O’Brien launches legal bid to halt O’Reilly’s €1.87m pay-off

Telecoms and publishing billionaire Denis O’Brien wants to stop an “unduly generous” €1.87m severance payment being made to the man he ousted from the post of chief executive of Independent News and Media (INM) — Gavin O’Reilly.

O’Brien launches legal bid to halt O’Reilly’s €1.87m pay-off

In an unprecedented move, Paul Connolly, one of two directors on the INM board representing Mr O’Brien, the company’s biggest shareholder, yesterday told the High Court the payment of €1.87m to Mr O’Reilly was made with “indecent haste” and was “unduly generous”. The O’Brien directors failed last week to block the €1.87m payment at board level.

Mr Connolly has brought proceedings seeking declarations that the payment breached section 186 of the Companies Act because it was approved by the board without being put before the company’s shareholders at a general meeting.

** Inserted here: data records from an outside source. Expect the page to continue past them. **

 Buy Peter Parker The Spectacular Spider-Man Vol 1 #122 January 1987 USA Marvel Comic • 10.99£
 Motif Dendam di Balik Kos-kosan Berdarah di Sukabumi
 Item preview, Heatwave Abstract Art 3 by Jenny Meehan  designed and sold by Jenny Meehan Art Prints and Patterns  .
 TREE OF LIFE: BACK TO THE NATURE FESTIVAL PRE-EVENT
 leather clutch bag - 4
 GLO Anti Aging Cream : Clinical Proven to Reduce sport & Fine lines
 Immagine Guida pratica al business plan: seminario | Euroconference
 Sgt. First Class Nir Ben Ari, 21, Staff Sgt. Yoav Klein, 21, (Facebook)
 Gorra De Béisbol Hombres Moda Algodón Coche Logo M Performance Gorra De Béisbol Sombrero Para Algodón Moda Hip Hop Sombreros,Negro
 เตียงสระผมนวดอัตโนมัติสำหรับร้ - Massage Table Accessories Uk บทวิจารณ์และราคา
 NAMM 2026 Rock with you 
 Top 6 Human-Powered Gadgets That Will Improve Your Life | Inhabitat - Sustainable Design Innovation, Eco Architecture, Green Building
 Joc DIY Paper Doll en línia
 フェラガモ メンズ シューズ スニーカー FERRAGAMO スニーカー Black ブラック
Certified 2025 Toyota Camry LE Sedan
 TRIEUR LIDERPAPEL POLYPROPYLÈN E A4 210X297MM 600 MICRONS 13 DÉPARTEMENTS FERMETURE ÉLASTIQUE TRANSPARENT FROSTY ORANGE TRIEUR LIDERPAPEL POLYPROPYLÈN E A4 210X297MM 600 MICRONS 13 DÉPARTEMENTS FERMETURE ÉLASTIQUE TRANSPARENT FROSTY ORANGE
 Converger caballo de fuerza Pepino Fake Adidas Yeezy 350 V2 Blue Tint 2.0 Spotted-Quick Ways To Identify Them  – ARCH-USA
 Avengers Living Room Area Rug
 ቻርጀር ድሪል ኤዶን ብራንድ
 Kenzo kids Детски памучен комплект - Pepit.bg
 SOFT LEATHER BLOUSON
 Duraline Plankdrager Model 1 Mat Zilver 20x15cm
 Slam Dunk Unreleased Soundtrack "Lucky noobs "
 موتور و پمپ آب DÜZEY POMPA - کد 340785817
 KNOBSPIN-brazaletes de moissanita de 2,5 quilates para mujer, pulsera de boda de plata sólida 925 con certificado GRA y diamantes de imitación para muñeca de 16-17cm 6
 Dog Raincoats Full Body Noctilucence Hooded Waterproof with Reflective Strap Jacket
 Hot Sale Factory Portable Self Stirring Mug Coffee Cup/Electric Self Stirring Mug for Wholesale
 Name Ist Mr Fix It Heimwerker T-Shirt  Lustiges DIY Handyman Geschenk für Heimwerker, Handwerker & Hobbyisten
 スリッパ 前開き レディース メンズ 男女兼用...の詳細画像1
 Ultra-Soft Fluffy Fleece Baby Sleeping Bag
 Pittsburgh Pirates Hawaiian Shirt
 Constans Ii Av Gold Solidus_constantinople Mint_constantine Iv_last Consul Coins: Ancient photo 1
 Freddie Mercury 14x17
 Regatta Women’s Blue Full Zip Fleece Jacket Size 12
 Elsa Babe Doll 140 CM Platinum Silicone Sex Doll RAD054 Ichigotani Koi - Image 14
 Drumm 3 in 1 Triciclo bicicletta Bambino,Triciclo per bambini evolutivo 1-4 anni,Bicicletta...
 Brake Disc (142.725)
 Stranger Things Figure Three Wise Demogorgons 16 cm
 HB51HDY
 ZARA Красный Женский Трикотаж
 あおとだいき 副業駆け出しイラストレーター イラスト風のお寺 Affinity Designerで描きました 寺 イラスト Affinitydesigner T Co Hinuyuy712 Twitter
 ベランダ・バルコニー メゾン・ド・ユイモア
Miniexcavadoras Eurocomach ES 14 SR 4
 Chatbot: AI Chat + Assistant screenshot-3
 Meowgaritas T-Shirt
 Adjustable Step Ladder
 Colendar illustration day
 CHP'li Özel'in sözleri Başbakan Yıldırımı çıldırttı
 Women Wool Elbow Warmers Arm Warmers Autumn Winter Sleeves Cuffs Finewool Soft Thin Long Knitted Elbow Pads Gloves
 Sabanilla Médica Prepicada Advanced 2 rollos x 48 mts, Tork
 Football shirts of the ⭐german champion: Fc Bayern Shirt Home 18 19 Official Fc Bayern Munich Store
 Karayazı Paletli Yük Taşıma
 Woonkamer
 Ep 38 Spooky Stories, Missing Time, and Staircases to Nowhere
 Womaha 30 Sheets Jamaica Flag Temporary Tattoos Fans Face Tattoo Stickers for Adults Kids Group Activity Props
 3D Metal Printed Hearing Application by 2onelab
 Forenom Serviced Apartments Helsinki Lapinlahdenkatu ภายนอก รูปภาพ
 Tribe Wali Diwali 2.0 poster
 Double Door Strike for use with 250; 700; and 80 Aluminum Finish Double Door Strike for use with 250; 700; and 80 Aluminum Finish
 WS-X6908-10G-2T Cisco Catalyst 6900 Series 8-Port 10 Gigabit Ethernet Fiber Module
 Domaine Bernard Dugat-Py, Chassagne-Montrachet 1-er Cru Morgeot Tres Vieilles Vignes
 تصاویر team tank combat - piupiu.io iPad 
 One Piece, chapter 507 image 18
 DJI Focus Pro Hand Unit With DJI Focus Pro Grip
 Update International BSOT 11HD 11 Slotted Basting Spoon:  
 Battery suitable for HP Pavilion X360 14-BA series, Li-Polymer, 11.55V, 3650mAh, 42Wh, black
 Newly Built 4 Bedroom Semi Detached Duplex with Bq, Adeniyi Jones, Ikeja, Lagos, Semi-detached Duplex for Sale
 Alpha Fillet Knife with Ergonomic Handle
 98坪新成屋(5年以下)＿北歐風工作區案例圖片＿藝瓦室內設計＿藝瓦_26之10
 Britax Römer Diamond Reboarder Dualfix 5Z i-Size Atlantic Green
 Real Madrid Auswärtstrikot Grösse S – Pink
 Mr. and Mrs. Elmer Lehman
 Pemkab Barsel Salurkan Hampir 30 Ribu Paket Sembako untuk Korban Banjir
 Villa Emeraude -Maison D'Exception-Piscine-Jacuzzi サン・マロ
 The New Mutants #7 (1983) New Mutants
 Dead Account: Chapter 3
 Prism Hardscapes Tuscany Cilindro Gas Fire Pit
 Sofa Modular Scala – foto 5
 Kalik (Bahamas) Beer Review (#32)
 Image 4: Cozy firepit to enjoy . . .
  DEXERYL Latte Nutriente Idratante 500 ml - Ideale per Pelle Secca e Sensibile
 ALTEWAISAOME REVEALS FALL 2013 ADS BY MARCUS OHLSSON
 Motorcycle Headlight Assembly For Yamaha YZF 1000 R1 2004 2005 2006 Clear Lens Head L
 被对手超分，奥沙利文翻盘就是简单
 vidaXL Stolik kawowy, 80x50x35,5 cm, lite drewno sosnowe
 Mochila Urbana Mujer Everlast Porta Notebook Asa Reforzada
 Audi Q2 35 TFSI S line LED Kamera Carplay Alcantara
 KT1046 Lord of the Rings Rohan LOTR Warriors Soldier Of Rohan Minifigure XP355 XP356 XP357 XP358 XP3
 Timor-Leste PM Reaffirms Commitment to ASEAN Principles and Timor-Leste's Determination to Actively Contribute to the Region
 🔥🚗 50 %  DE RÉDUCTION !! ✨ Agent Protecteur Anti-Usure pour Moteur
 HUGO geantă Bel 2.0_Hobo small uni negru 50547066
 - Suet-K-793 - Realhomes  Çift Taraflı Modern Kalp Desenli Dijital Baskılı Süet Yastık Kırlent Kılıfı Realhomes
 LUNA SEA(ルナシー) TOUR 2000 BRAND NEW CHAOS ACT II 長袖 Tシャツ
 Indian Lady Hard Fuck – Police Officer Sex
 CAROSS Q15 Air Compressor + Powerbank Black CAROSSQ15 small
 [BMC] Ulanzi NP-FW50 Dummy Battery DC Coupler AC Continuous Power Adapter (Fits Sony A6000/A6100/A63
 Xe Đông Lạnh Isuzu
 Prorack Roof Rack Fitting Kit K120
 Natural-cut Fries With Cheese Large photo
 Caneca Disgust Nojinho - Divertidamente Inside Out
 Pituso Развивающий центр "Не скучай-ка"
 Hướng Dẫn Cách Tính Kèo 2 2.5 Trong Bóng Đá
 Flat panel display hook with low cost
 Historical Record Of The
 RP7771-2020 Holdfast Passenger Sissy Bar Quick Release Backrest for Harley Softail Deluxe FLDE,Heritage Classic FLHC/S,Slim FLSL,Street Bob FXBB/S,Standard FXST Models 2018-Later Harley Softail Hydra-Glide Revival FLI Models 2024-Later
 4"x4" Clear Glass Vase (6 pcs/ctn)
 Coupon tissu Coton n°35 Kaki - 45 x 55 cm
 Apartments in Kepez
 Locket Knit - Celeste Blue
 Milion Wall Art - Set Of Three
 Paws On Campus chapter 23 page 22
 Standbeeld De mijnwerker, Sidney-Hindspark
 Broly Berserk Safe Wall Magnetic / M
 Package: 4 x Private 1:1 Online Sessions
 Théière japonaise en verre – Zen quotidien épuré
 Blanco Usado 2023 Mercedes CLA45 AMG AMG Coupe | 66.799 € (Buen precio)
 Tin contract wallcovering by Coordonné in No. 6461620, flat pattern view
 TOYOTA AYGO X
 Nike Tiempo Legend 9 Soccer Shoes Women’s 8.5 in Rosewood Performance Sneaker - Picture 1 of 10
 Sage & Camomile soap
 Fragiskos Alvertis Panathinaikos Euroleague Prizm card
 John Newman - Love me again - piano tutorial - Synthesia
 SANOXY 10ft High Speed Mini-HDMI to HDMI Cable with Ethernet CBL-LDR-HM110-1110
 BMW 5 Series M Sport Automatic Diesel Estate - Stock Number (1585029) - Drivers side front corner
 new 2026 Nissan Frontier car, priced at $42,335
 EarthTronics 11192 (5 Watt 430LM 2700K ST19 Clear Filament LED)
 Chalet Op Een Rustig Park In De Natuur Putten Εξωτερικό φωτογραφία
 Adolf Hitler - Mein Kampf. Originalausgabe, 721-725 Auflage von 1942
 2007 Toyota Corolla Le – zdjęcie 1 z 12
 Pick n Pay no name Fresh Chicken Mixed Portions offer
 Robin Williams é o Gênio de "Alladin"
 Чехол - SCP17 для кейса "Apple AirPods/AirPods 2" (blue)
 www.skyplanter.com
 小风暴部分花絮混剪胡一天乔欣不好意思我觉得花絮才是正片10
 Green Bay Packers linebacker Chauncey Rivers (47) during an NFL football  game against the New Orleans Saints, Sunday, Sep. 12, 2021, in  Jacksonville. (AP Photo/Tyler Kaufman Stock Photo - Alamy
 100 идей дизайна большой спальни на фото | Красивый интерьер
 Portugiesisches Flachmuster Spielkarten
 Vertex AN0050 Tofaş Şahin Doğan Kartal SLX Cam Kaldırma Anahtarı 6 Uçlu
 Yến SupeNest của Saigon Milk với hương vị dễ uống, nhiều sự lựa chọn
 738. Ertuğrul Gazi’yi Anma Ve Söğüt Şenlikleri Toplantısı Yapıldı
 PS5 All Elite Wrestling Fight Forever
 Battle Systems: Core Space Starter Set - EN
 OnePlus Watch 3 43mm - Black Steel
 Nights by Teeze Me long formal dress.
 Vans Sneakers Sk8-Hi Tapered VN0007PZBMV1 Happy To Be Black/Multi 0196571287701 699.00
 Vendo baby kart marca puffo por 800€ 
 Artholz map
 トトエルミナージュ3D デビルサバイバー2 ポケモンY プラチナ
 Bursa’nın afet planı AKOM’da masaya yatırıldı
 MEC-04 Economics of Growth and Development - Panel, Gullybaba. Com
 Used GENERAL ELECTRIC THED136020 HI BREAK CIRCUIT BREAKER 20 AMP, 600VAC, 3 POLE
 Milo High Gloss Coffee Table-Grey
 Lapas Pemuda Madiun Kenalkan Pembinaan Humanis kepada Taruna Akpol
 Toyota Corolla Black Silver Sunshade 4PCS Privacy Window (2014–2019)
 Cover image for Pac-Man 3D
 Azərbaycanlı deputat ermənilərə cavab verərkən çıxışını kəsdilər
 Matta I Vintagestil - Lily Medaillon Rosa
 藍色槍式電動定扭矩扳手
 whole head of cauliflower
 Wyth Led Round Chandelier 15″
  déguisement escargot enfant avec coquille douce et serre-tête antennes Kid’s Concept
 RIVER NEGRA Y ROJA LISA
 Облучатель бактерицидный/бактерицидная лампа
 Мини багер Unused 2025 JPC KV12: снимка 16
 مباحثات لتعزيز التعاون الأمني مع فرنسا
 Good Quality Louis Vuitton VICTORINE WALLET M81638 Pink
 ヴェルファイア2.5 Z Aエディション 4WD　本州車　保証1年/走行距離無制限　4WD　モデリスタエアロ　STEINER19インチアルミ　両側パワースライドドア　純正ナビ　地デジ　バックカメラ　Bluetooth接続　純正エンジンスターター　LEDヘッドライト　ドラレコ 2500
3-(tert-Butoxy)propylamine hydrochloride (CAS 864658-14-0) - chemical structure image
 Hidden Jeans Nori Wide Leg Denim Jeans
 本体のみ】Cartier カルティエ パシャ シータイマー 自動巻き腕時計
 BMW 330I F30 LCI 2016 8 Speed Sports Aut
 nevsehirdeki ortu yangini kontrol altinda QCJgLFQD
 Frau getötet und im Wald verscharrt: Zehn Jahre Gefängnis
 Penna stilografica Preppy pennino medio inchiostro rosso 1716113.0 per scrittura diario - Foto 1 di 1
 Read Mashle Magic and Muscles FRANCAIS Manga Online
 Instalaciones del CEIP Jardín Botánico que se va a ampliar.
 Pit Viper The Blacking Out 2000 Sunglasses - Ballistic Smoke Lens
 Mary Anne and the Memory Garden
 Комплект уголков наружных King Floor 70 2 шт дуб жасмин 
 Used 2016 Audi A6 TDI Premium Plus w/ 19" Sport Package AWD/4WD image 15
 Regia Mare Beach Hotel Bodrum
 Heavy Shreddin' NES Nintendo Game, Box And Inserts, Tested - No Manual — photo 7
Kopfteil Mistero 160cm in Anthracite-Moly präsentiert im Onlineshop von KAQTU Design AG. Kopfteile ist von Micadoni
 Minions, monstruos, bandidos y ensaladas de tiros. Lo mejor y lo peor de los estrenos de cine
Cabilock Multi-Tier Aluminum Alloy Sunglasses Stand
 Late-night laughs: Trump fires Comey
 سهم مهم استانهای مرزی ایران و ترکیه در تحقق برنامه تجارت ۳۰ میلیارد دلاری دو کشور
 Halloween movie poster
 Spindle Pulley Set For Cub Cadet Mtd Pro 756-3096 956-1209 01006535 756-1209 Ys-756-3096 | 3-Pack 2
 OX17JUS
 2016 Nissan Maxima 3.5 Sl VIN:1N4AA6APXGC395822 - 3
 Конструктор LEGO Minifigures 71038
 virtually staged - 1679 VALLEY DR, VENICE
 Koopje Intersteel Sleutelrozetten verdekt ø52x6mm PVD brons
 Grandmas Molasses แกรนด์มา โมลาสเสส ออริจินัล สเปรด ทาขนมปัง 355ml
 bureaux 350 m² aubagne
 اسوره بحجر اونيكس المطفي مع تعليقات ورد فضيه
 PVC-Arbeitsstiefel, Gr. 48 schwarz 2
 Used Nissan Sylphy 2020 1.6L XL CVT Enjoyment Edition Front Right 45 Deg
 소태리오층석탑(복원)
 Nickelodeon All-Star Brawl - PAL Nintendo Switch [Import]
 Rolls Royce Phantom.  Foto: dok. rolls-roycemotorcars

Yesterday his counsel, Rossa Fanning, was given permission in the High Court by Mr Justice Peter Kelly to apply next Monday to have the proceedings — which are against INM only — fast-tracked in the Commercial Court.

A spokesperson for INM said that, as the application to the High Court was ex-parte with only one side in court, INM’s lawyers had just begun examining the documentation and the company would not be commenting on the action brought by Mr Connolly.

Mr Connolly’s court strategy will heighten tensions at an IMN board meeting scheduled for today, called to approve the company’s accounts in advance of the June 8 annual general meeting of shareholders. Last year, the O’Brien directors voted against approving the accounts.

Yesterday’s resignation by Bengt Braun from the board, after almost two years as a non-executive director, is expected to be followed by more resignations or declarations by board members, appointed in the O’Reilly era, that they will not seek re-election at the AGM.

The legal move by Mr Connolly revealing the €1.87m payment to Mr O’Reilly also made public some of the details of what is understood to have been a confidential severance agreement between Mr O’Reilly and INM. The former chief executive’s 2011 pay package was €1.036m, and the €1.87m payment is understood to represent 23 months’ pay.

Mr Connolly said the payment to Mr O’Reilly was unlawful and unjustified as he presided over “a period of destruction” of the company’s share value.